In the universe of digital assets, the word ‘crypto-winter’ is the most repeated in recent months.

None of the main cryptocurrencies escapes the sharp falls that have been recorded in this market since the end of 2021. The consequences are clear: great losses for investors and for trading platforms. The situation is reminiscent of the 2018 crisis.

Since the outbreak of the pandemic and until the end of last year, cryptocurrencies benefited from the monetary policies adopted by the main central banks to fight the economic consequences of the coronavirus.

These policies resulted in low-cost and easily accessible liquidity for investors, who rushed to invest in cryptocurrencies and large technology companies. Formerly the greatest beneficiaries, they are now the great losers of the change in tone of the central banks, which raise interest rates and reduce their balance sheets to fight high inflation.


Alejando Zala, country manager of Bitpanda in Spain, underlines that “the current conditions of the cryptocurrency market can only be described as extreme since the ongoing corrections have caused the price of the main virtual currencies to fall to levels that had not been seen before in almost two years.”

In this general environment of crashes that affects the entire market, Bitcoin, the world’s best-known cryptocurrency, has lost $20,000. It has not traded below that level since December 2020.

Already closer to $15,000 than $20,000, Bitcoin has lost almost 74% of its value since November of last year, when it hit all-time highs. He did it by stroking the $69,000. Ether, another of the most renowned cryptocurrencies, has fallen below $1,000, a figure not seen since January 2021.

The difficulties that these assets were going through worsened in May when the crash of the stablecoin terraUSD and the cryptocurrency Luna took place. After these losses, Bitcoin remained stagnant for almost a month around $30,000, until registering further declines, which began in early June.

“There is no doubt that the digital asset ecosystem is now in a new ‘crypto winter,’ that is, a prolonged period of falling prices,” explains Benjamin Dean, director of digital assets at WisdomTree.

In his opinion, this market turnaround is reminiscent of the crisis experienced in 2018, when in June of that year the price of Bitcoin fell to $7,400. It had closed in 2017 at almost $20,000.

In this new crisis and until now, the total capitalization of the 40 main cryptocurrencies is already below a trillion dollars, compared to the 3 trillion that came to be worth last November, at its peak.

The index that measures the sentiment existing among investors in the crypto universe now marks levels of extreme fear. “The capitulation seems to have arrived, but the bottoming out process will take some time,” explained Zala.

Corralitos and Layoffs

The ravages of this sinking extend throughout the ecosystem.
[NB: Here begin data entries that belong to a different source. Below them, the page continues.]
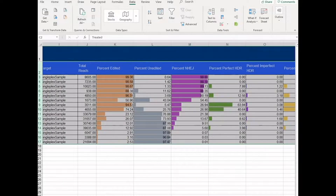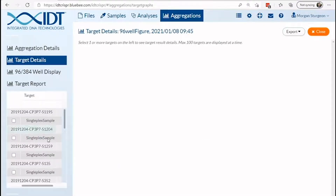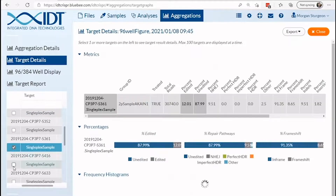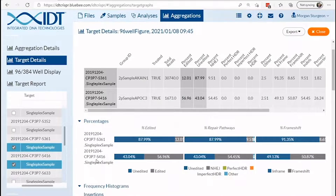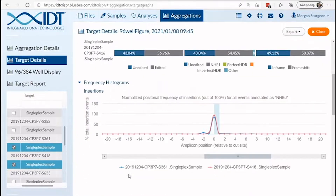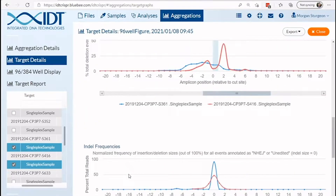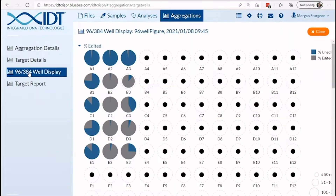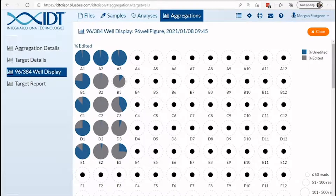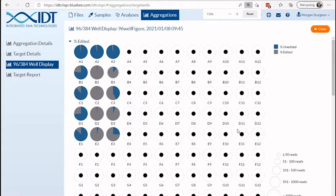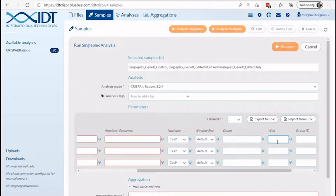In addition, all samples can be compared to one another by clicking on the target details page. Here you can find the same graphics available for an individual sample, but now can overlay results from other relevant samples within the experiment. For screening a large number of guides under varying conditions and treatments, you can generate graphics in 96 or 384 well plate format to find optimal conditions quickly. Specify well information for each singleplex sample prior to sample analysis.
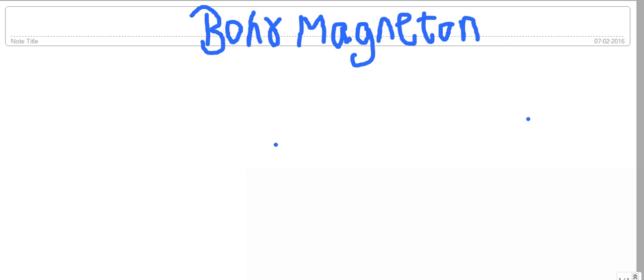I'm going to discuss Bohr magneton. What is Bohr magneton? Bohr magneton is the smallest unit of the magnetic moment.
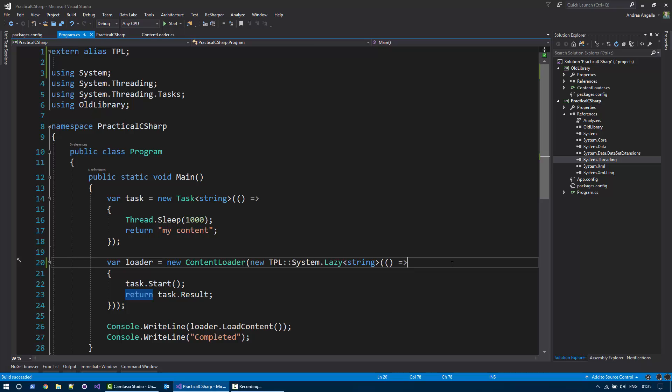It's really difficult that you find yourself in this situation. But this, for example, is a practical scenario where this might happen. And there are other cases where this could happen. And you can define as many external aliases as you want.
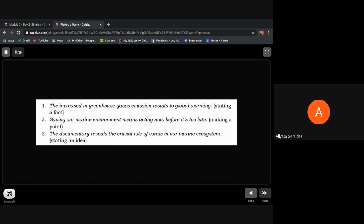Examples: 'The increase in greenhouse gas emissions results in global warming.' That's a declarative sentence and it's stating a fact. 'Saving our marine environment means acting now before it's too late.' It's a declarative sentence because it is making a point.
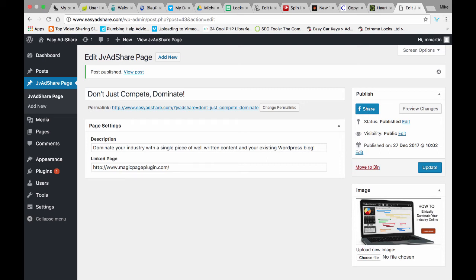Hi guys, Mike Martin here. Just a quick video. I'm going to show you how I generate money and how I generate an income using JV AdShare.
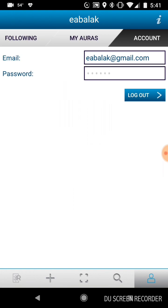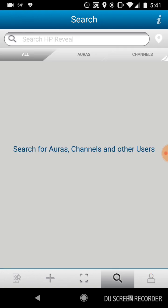And in this video, I specifically want to talk about how to find people. So I click on the magnifying lens icon, and as you can see, it brings up a search bar. So you can search for auras, channels, and users.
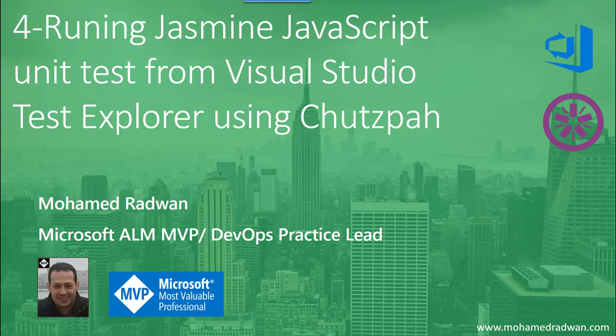In the previous videos, we saw how to run tests from the command line or from the embedded command line with Visual Studio extension, which is Command Task Runner. But in this video, we're going to see how to run tests without using any Grunt, without using any library, but just having an extension called Chutzpah, which is a test adapter for Visual Studio.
Last Monday, the cryptocurrency trading platform Celsius Network suspended all transactions between clients and vetoed the withdrawal of capital due to “extreme conditions” in the market.

Shortly after, Binance, the world’s most widely used platform for buying and selling cryptocurrencies, suspended all Bitcoin withdrawals due to a technical issue. Although the measure was temporary, it contributed to consolidating the distrust of investors.

The falls have also caused other platforms to begin to tighten their belts. The change in the economic cycle and the fear that a recession will lead to a prolonged ‘crypto winter’ has led Coinbase and Gemini to announce staff reductions.

In this context, different institutions and organizations, from the European Central Bank (ECB) to the International Monetary Fund (IMF), insist on their warnings about the risks involved in cryptocurrencies, both for investors and for the financial system as a whole.

“Regulation is important to recover the trust lost in this technology due to speculation,” Alicia Pertusa, head of strategy for client solutions at BBVA, pointed out a few years ago at an event organized by Women in Banking (WIB), the initiative dedicated to the promotion of the women’s the role in Spanish banking.

“In the second half of this year, the approval in Europe of the MiCA (Markets in Cryptoassets) regulation is expected, which raises the level of demand for transparency in the processes of issuance, distribution, and marketing of digital assets”, explained Pertusa.